The video side of WebRTC isn’t limited to business conferencing and social chats, either. It’s easy to forget that file sharing is a major aspect of WebRTC when the focus is so often on calling tools. Recording, sharing, and hosting, however, are ripe for innovation and mass expansion.
Once a video call is done, it’s over and gone. Creating and hosting video on your website helps you embolden your brand and foster professional yet customizable relationships with consumers. Instead of shooting off an email response to a support request or question about an online class, you can easily record and share a video response of your team mulling the issue over and responding with empathy and clarity.
Native advertising is advantageous because it inserts a product naturally into your view. What if you could click on an ad and immediately be connected with the company rather than waiting for the web page, scrolling around figuring things out for yourself, and then looking for a phone number you have to type into your phone? WebRTC changes how people interact with ads and the companies behind them.
Healthcare providers and startups have jumped on WebRTC. Telehealth companies like Teladoc have made massive strides in healthcare accessibility, and surgeons are even turning to virtual reality and remote robotics.

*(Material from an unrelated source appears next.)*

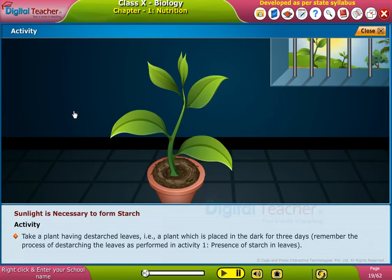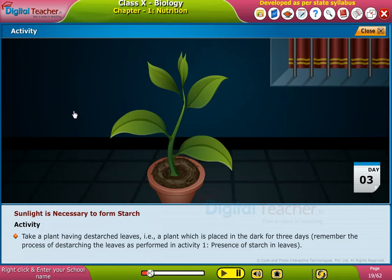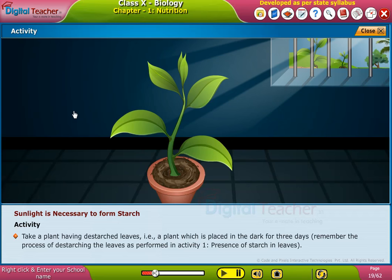Take a plant having these destarched leaves. That is a plant which is placed in the dark for three days. Remember the process of discharging the leaves as performed in activity one for the presence of starch in leaves.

WebRTC and 5G together will bring significant improvements to modern healthcare, particularly by continuing to ensure that your location is a non-factor. If you need to see a specialist on the other side of the world, WebRTC video streaming means your feed is less likely to cut in and out while describing symptoms—and is more secure than if you needed a plugin. If you have to be at work during an elderly relative’s home visit, you can stream in and attend virtually. Robotic surgery is on its way to becoming normalized. WebRTC is helping to push medical innovation to everyone: Your location or mobility shouldn’t interfere with your ability to receive healthcare.
The IoT is about connecting things to the Internet to access data. WebRTC is about connecting people over the Internet. Together, the possibilities are endless. After reaching 20 billion devices in 2020, we mentioned above that 2030 is forecasted to have more than 500 billion connected devices. We’ll let you do the math on that rate of growth.

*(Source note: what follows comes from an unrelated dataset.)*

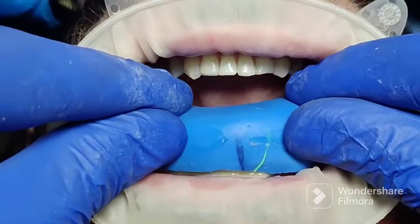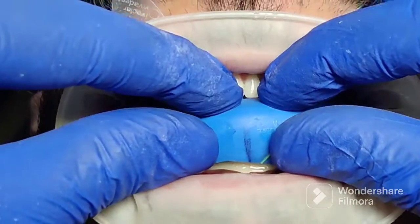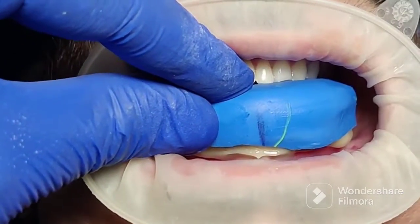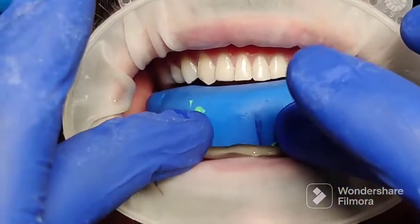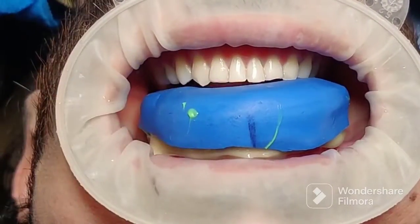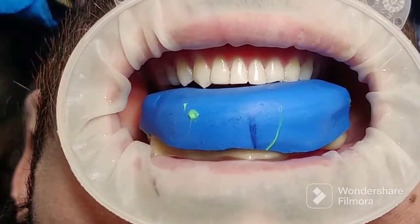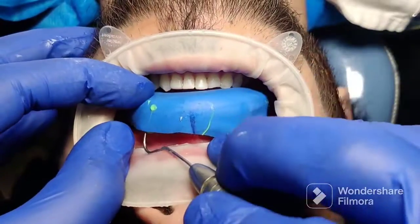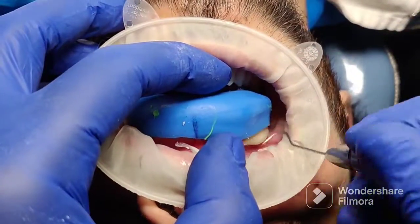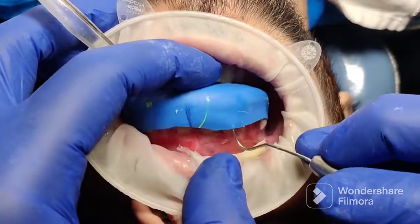You're also going to squeeze on the buccal aspect to remove any excess and to get a very nice marginal fit. Once the material has set, very importantly, peel out the putty index — do not push it out, because if you do that you might dislodge the veneers from the tooth surface.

The initial focus was on social apps like Facebook Messenger, Discord, and Houseparty. Now smart home devices have expanded in recent years: doorbells that stream video to your phone, remote building security and access, even Alexa telling you the weather. (We won’t pin that creepy laugh on WebRTC, though.) Imagine what the world will look like when all of these devices can do more than connect—when they can communicate seamlessly on a standardized platform. Software engineers and dev teams around the world will have the same technology platform, so they’ll find their edge by innovating on what they can do with said platform.
How OnSIP Contributes to WebRTC
Click-to-call probably seems like a minor thing—to anyone who has yet to experience it. OnSIP developed sayso, a click-to-call button that uses WebRTC to function. With sayso, we’ve eliminated the barriers between your website visitors entering your domain and actually contacting you.
Real-Time Communication: Keeping Us Connected in a New Era
WebRTC may be a complicated matter under the surface, but for end users around the globe, it’s an incredible tool that helps instantaneously connect people from anywhere. Some of the most illustrious organizations in the history of web technology are working on this project, and with standardization imminent, the way we use the Internet is about to change significantly for the better. Yes, real-time communication is already rooted in our professional and personal lives to some degree, but we’re poised on the precipice of a new era of speed and simplicity in daily communications.